Di dunia ini ada dua jenis waktu. Waktu mekanis dan waktu tubuh. Waktu yang pertama kaku, laksana pendulum besi raksasa yang berayun maju-mundur. Waktu yang kedua bergeliung-geliut seperti ikan cucut di teluk. Waktu yang pertama tak dapat ditolak, telah ditetapkan sebelumnya. Waktu yang kedua mengambil keputusan sekehendak hati.
Beberapa orang tidak yakin bahwa waktu mekanis itu ada. Ketika melewati jam raksasa di Kramgasse mereka tidak melihatnya. Mereka mengenakan jam di pergelangan tangan, tetapi itu sekedar ornamen atau semacam sopan santun bagi yang ingin memberikannya sebagai hadiah. Mereka juga tidak menyimpan jam dinding di rumah. Sebagai gantinya, mereka mendengarkan detak jantung. Mereka merasakan irama suasana hati dan birahi mereka. Mereka makan saat lapar, pergi ke tempat kerja kapan saja ketika terbangun dari tidur, bermain cinta sepanjang hari.ย Beberapa orang bahkan menertawakan pemikiran tentang waktu mekanis. Mereka tahu bahwa waktu bergerak tidak beraturan. Mereka tahu bahwa waktu terus maju dengan beban di punggungnya, seperti saat mereka buru-buru membawa seorang anak yang terluka ke rumah sakit, atau ketika tatapan tetangga merasa mengganggu. Mereka juga tahu bahwa waktu melaju cepat melintasi padang visi tatkala sedang makan enak bersama teman-teman, atau ketika menerima pujian atau rayuan dalam pelukan kekasih gelap.
Lalu ada sejumlah orang yang berpikir bahwa tubuh mereka tidak ada. Mereka hidup dengan waktu mekanis. Mereka bangun pada pukul tujuh pagi. Makan siang tepat tengah hari dan makan malam pukul enam petang. Mereka memenuhi janji tepat waktu, persis seperti yang ditunjukkan oleh jam. Mereka berman cinta antara pukul delapan malam hingga sepuluh malam. Bekerja empat puluh jam seminggu, membaca koran Minggu pada hari Minggu, bermain catur pada tiap malam Selasa. Ketika perut mereka keroncongan, mereka mengamati jam tangan mereka untuk melihat apakah sudah waktunya makan. Ketika mereka tengah asyik menikmati satu konser, mereka menatap ke arah jam dinding yang ada di atas panggung untuk melihat apakah sudah waktunya pulang. Mereka sadar bahwa tubuh bukanlah suatu keajaiban, melainkan suatu kumpulan bahan kimia, jaringan, dan impuls saraf. Pikiran tak lebih dari gelombang listrik dalam otak. Rangsangan seksual tak lebih dari aliran kimia pada ujung saraf tertentu. Kesedihan tak lebih dari asam yang menusuk otak kecil. Pendeknya, tubuh adalah mesin, tunduk pada hukum listrik dan mekanika sebagaimana elektron atau jam. Karena itulah, tubuh harus disapa dengan bahasa ilmu fisika. Tubuh adalah sesuatu untuk diperintah, bukan dipatuhi.

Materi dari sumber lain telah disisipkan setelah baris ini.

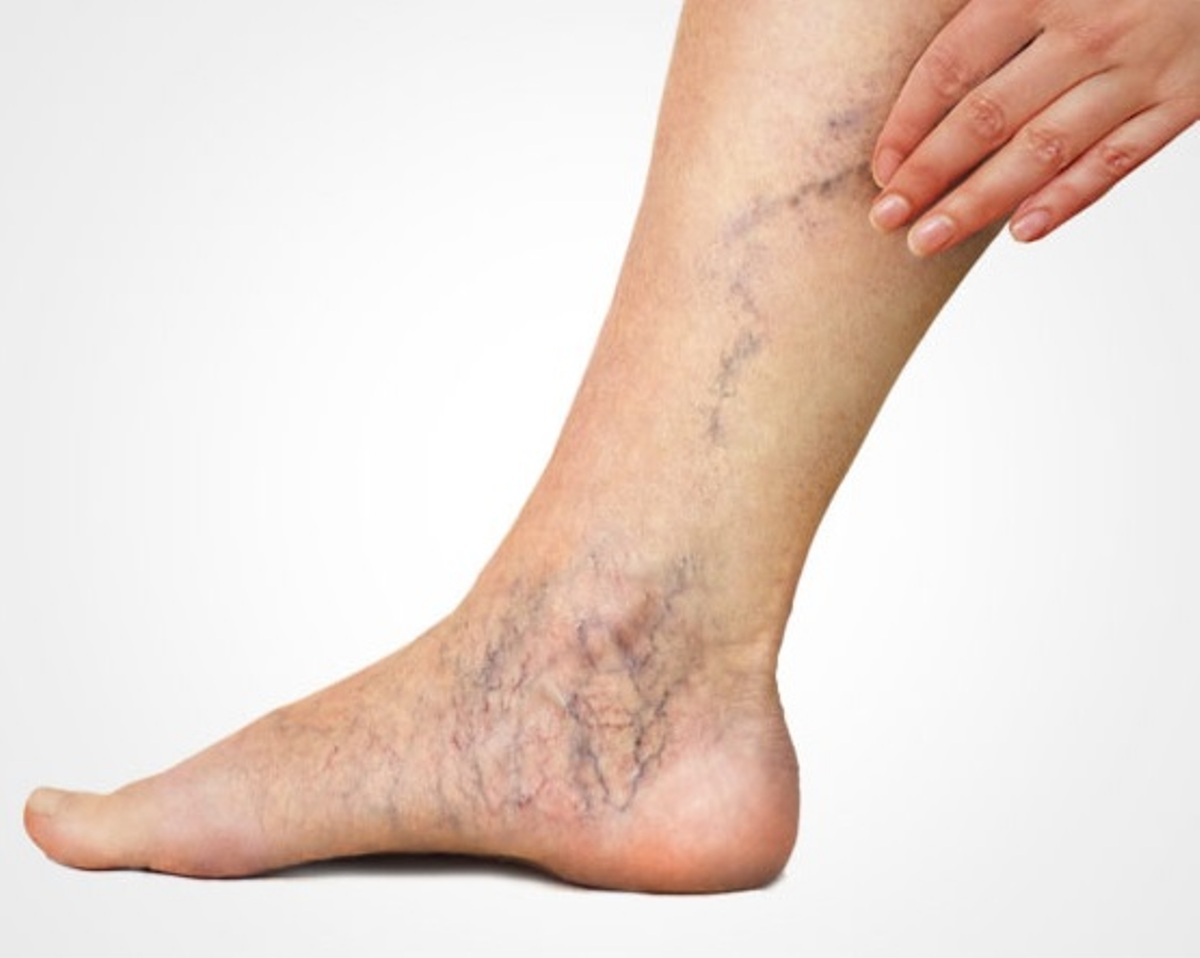 sclerotherapy-market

Membawa serta udara malam Sungai Aare, seseorang melihat bukti dua dunia yang menjadi satu. Seorang tukang perahu sedang mengukur posisinya yang tidak jelas dengan menghitung detik-detik yang hanyut dalam arus air. “Satu, tiga meter. Dua, enam meter. Tiga, sembilan meter.” Suaranya membelah gelap dengan ucapan yang jernih dan tegas. Di bawah cahaya lampu badai di Jembatan Nydegg, dua bersaudara yang tidak pernah berjumpa selama bertahun-tahun minum dan tertawa bersama. Lonceng Katedral St. Vincent berdentang sepuluh kali. Dalam beberapa detik, lampu-lampu di apartemen di Schifflaube berkedip-kedip dengan sempurna, suatu kesempurnaan mekanis, seperti kesimpulan geometri Euclidean. Berbaring di tepian sungai, sepasang kekasih menatap langit dengan malas, terbangun dari tidur yang lelap karena dentang lonceng di kejauhan, terkejut menyadari bahwa malam telah tiba.

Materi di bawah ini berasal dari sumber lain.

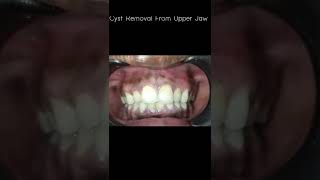 Periapical cyst treatment  Apicectomy done Teeth saved [upl. by Paquito548]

Ketika dua waktu bertemu, yang terjadi adalah keputusasaan. Ketika dua waktu menuju arah yang berbeda, hasilnya adalah kebahagiaan. Karena itulah, secara menakjubkan, seorang pengacara, perawat, tukang roti dapat menghendaki satu dunia, tidak keduanya. Tiap waktu adalah benar, tetapi kebenaran itu tidak selalu sama.

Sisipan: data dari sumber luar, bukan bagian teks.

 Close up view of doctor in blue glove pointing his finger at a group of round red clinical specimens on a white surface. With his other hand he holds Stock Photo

(Cuplikan dari novel “Mimpi-Mimpi Einstein” oleh Alan Lightman. Recommended. b(^_^)b )
ini sedikit berhubungan ama psikologi filsafat DEUS EX MACHINA bro.
diibaratkan dunia kita ini ibarat jam raksasa. kita yang hidup ini diibaratkan komponen jam yang berbeda-beda. ada jarum detik. ada gear besar & kecil. apapun bentuk kita, kita itu diibaratkan satu kesatuan. klo ngga berfungsi satu, yang lain pun terpengaruh kinerjanya & bukan ngga mungkin gara2 “kerusakan” satu komponen, kita semua bakal “berhenti” kinerjanya. gara2 satu gear rusak, jam tangan jadi ga berfungsi. yah kurang lebih gitu.
hubungannya sama postinganmu? ga ada kok. wkwkkwkw. aq cuma berceloteh he3. sik tak resapi dulu ya. *bookmark & screengrab*
๐
Idenya jg belum benar2 aku resapi kok bro. Belum ngeh gitu. he3. Apa kita mesti hybrid, memadukan dua waktu itu atau di dunia ini ada orang2 yang memiliki cara pandang waktu berbeda, trs kita terima kenyataan itu. he3. masih lieur.. lumayan juga untuk pengantar tidur. ๐
Wah berat iki ketoke bahasane ๐
yo rodo-rodo mikir gitu bro. lumayan nggo pengantar tidur. ๐
yang jelas ini bukan pengantar tidur, malah tambah pusing. aku belum sepenuhnya mudeng hanya saja mungkin saat ini aku menjani hidup menurut waktu pendulum… karena waktu memang tidak bisa dikotak-kotakkan tapi kita perlu mengatur waktu agar kita tidak “cuma” hanyut didalamnya….. hmmm semakin ngelantur aja aku…@_@
Hahaha ya kan ada yang bilang… klo susah tidur, coba baca buku yang susah dipahami, lebih susah lebih bagus…. itu malah lebih manjur membikin kita untuk tidur lebih cepat…. ๐
Klo novel yang membikin kita tidak bisa berhenti bacanya… jangan, ntar malah gak tidur-tidur sampe pagi.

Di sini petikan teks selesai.